FIG. 2 illustrates an exemplary method embodiment for multimodal interaction. The system first receives a plurality of multimodal inputs associated with a query, the plurality of multimodal inputs including at least one gesture input (202). The gesture inputs can contain one or more unexpected or errorful gesture. For example, if a user gestures in haste and the gesture is incomplete or inaccurate, the user can add a gesture to correct it. The initial gesture may also have errors that are uncorrected. The system can receive multiple multimodal inputs as part of a single turn of interaction. Gesture inputs can include stylus-based input, finger-based touch input, mouse input, and other pointing device input. Other pointing devices can include infrared-sensor equipped pointing devices, gyroscope-based devices, accelerometer-based devices, compass-based devices, and so forth. The system may also receive motion in the air such as hand motions that are received as gesture input. - The system edits the at least one gesture input with a gesture edit machine (204). The gesture edit machine can perform actions such as deletion, substitution, insertion, and aggregation. In one example of deletion, the gesture edit machine removes unintended gestures from processing. In an example of aggregation, a user draws two half circles representing a whole circle. The gesture edit machine can aggregate the two half circle gestures into a single circle gesture, thereby creating a single conceptual input. The system can handle this as part of gesture recognition. The gesture recognizer can consider both individual strokes and combinations of strokes is classifying gestures before aggregation. In one variation, a finite-state transducer models the gesture edit machine.

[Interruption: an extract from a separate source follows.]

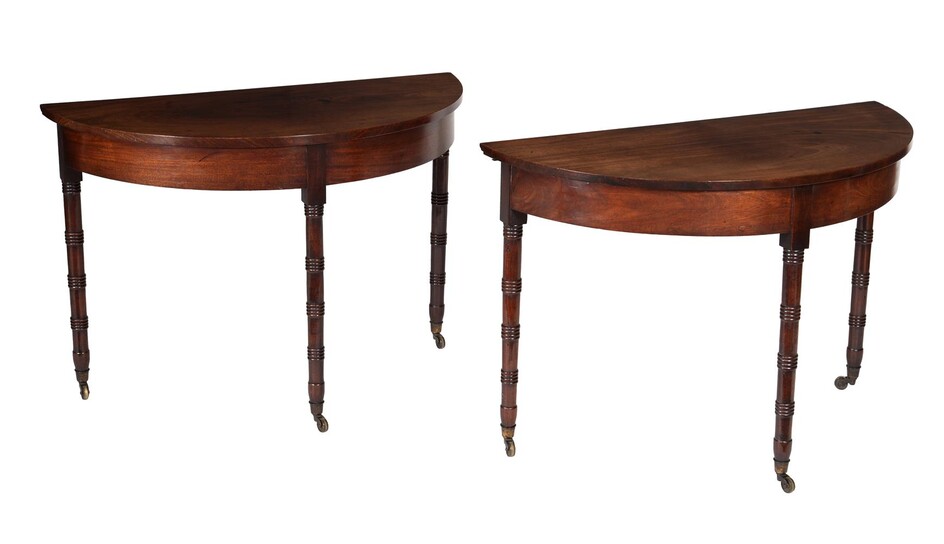 A pair of Regency mahogany demi lune side tables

- The system responds to the query based on the edited at least one gesture input and the remaining multimodal inputs (206). The system can respond to the query by outputting a multimodal presentation that synchronizes one or more of graphical callouts, still images, animation, sound effects, and synthetic speech. For example, the system can output speech instructions while showing an animation of a dotted red line on a map leading to an icon representing a destination.

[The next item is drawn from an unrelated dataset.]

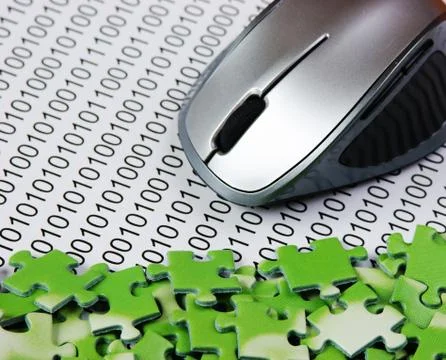 Computer mouse and  puzzles on a binary code 写真素材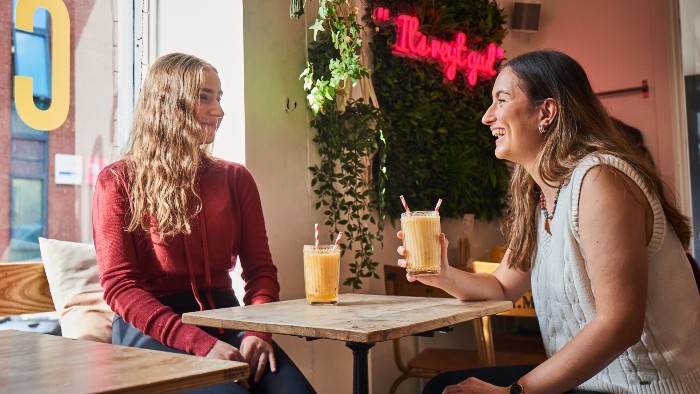 Two students sat in a cafe drinking juice, chatting and smiling.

- In one embodiment, the system further generates a lattice for each multimodal input, generates an integrated lattice which represents a combined meaning of the generated lattices by combining the generated lattices, and responds to the query further based on the integrated lattice. In this embodiment, the system can also capture the alignment of the lattices in a single declarative multimodal grammar representation. A cascade of finite state operations can align and integrate content in the lattices. The system can also compile the multimodal grammar representation into a finite-state machine operating over each of the plurality of multimodal inputs and over the combined meaning.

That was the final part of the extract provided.